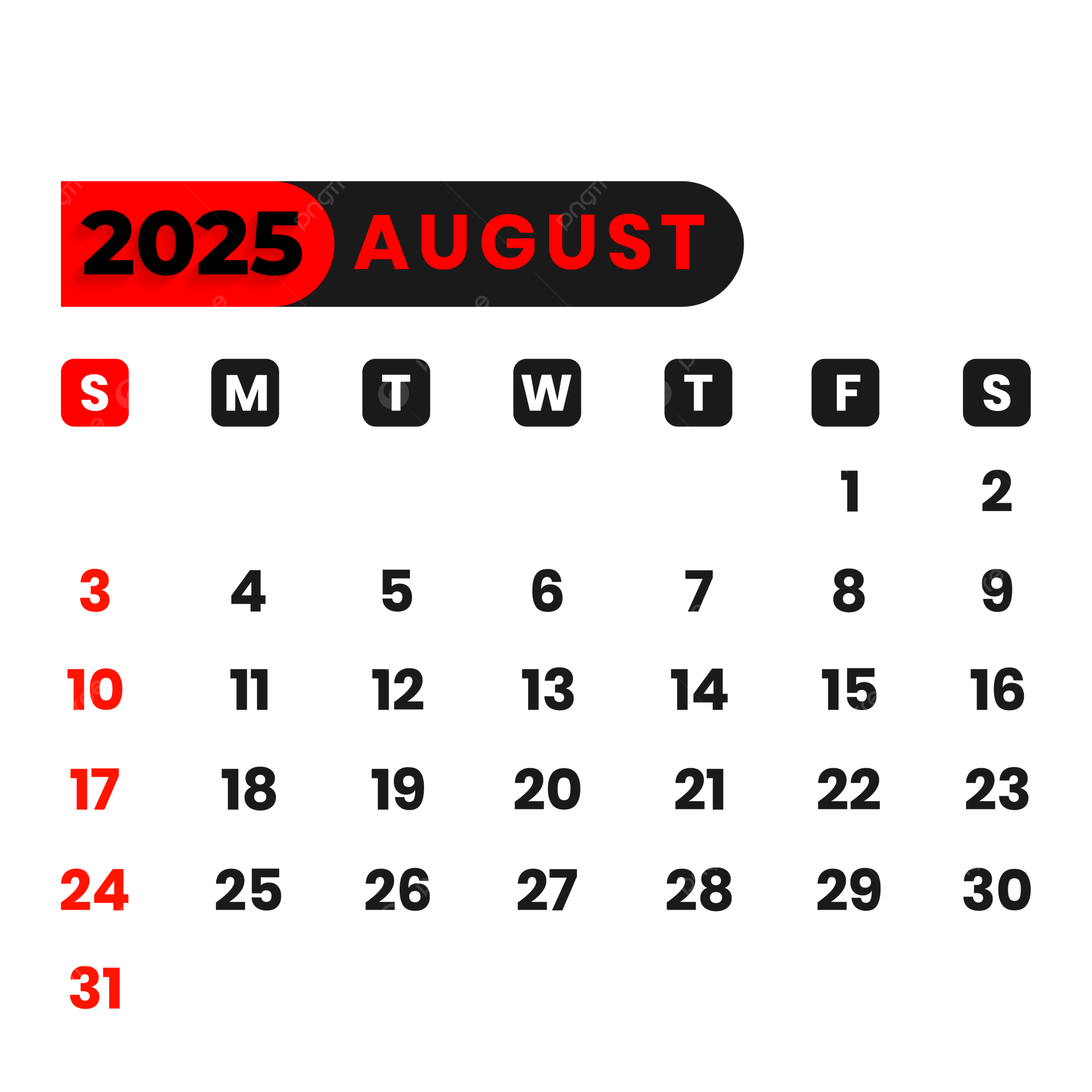 August Calendar 2025 Vector August Calendar 2025 PNG And Vector With Transparent Background For Free Download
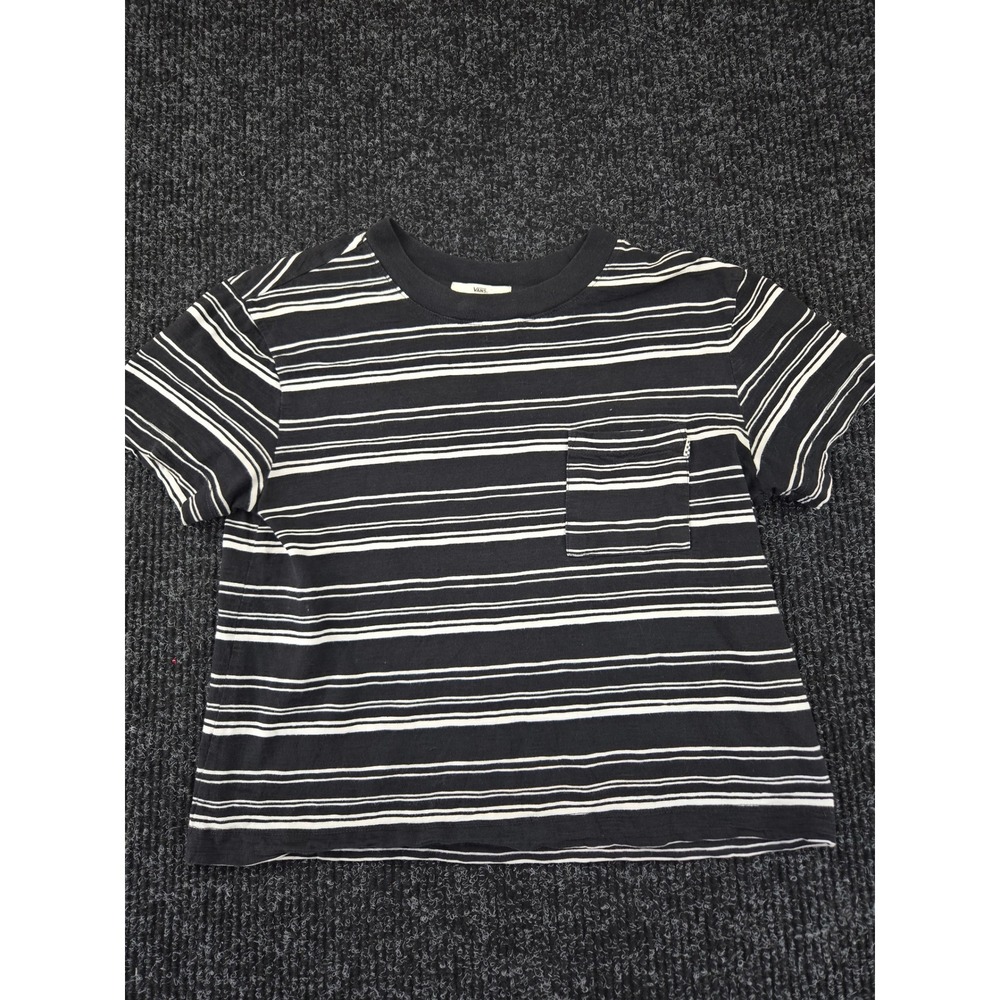Vans Womens Black White Striped Short Sleeve Pocket T-Shirt Size M Crew Neck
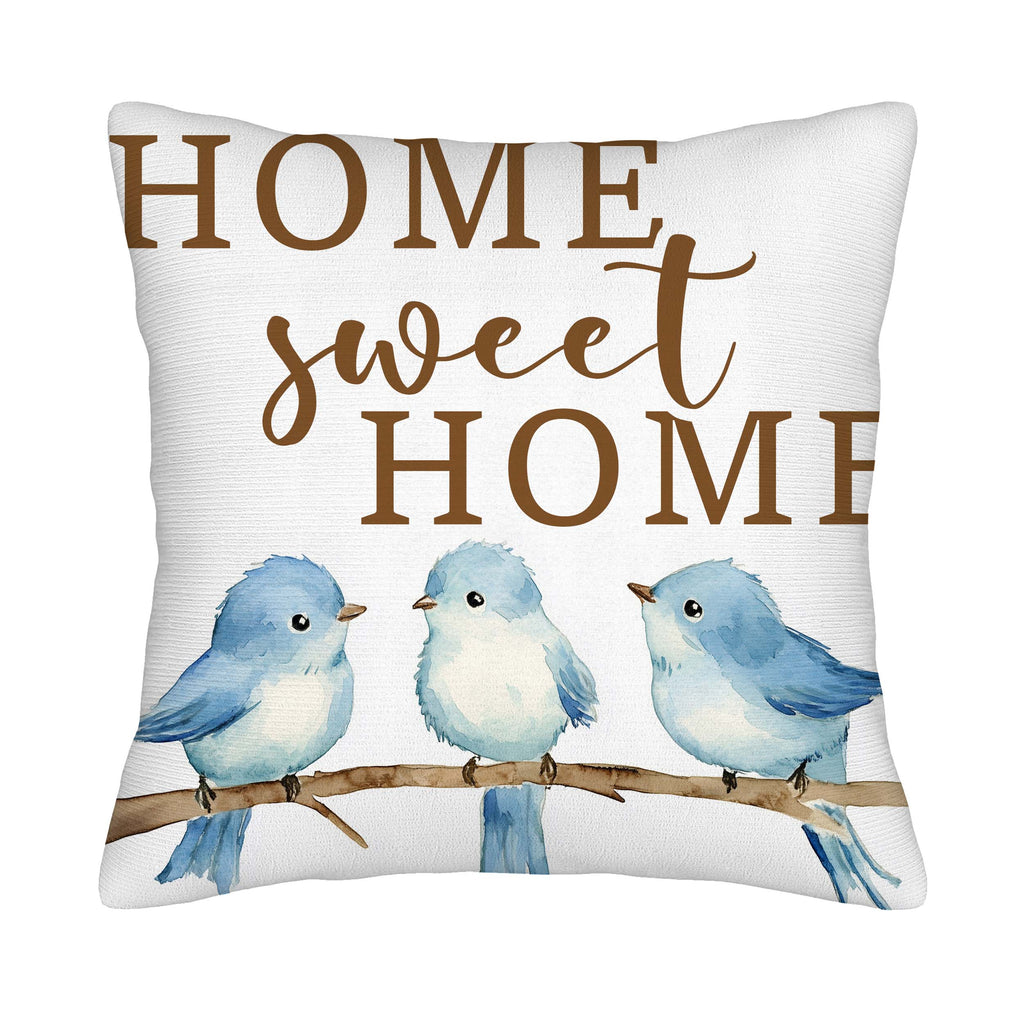 Home Sweet Home pillow cover with three blue watercolor birds on white background.
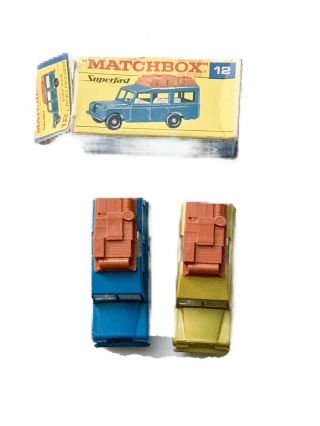 Vintage Matchbox Series No.  12 Blue And Yellow Land Rover By Lesney,  1965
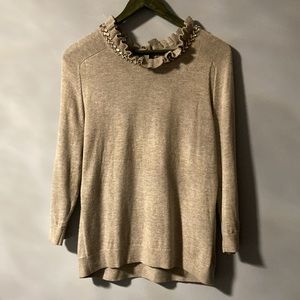 RSVP by Talbots Ruffled Jewel Collar Gray Cashmere Blend Sweater Large Petite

= = = = = = =

=== PROBLEM DETAILS ===
I need the lines from the one holding "Vintage Matchbox Series" through the last line of the entries set down exactly, with every picture left out.

=== WRITTEN RESPONSE ===
 Vintage Matchbox Series No.  12 Blue And Yellow Land Rover By Lesney,  1965
 RSVP by Talbots Ruffled Jewel Collar Gray Cashmere Blend Sweater Large Petite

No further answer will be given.